Davidovsky and the ICE at Miller Theatre

Mario Davidovsky, whose work was the subject of last night’s Composer Portrait at Columbia University’s Miller Theatre, was a leader in the development of electronic and electro-acoustic music. That genre consists of carefully worked-out sound collages, music which shocked and alienated many early audiences, which many traditional classical musicians (and musicians) still detest, and which I happen to really enjoy.

So why do I like it when so many years later so few others do?  It may well have to do with my mother, who, when I was a child, had me lie down, close my eyes, and listen to a recording of Vares’s Ionisation. Let your imagination go, she told me.  Tell me what you see.  She may have had me draw pictures.  Varese called his music “organized sound” and that early immersion in that one piece made me open to so much.  (It’s funny.  I don’t remember her having any other interest in avant-garde music.)

I’ll admit it, I had never heard of Davidovsky before I read about this concert.
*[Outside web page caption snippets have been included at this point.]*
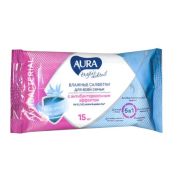 Салфетки влажные очищающие Эконом, анти-бактериальные, 15 шт.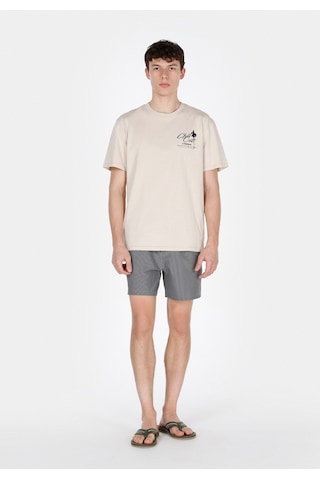 Colin's Colins Slim Fit Çizgili Erkek Siyah Deniz Şortu Cl1072291 Q1.v1 Blk Siyah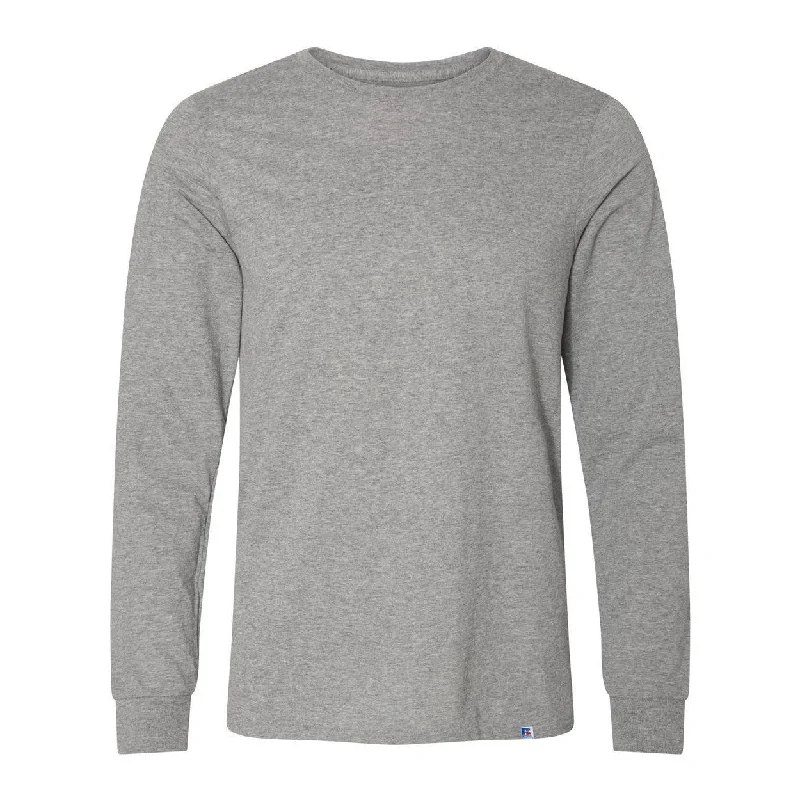 Men's mock - neck t - shirts with a modern and sleek styleRussell Athletic Essential 60/40 Performance Long Sleeve T-Shirt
I’m not a new-music maniac like my friend, former student, and admired colleague Jon Silpayamanant, who could probably do an hour or two on Davidovsky off the top of his head. And I knew nothing about him and his work before I sat down and started reading the excellent program notes [pdf] by Paul Griffiths.  I loved the concert, including the on-stage conversation between him and Melissa Smey, the Miller Theatre’s director.  Here’s Davidovsky in another interview:

 

So why did I go? To hear the International Contemporary Ensemble (ICE).  Who cares what they’re playing? I knew it would be good. Besides the group’s incredible reputation, the flutist Eric Lamb, who attended DePauw for a while, is one of the members, and I really have been wanting to hear him perform.  I’d missed their concert which opened the Tully Scope series, in order to hear Meridith Monk speak at Symphony Space, and when I read about this concert, I made it my top priority.

I’m going to all these concerts and writing them, giving myself a new education, as I prepare a course or courses for DePauw music majors on career issues in the developing classical/post-classical music world.  Look at the schedules of the ICE and Eric.  They are great models for what can be done separate from the slowly dying win-a-competition, win-an-orchestra-job traditional world.  The ICE has a tremendously strong, visionary leader in Claire Chase, and uses musicians of extraordinary accomplishment, like Eric and the trumpeter Gareth Flowers (whom I met when he performed as half of The Batteries Duo at the Chamber Music America conference).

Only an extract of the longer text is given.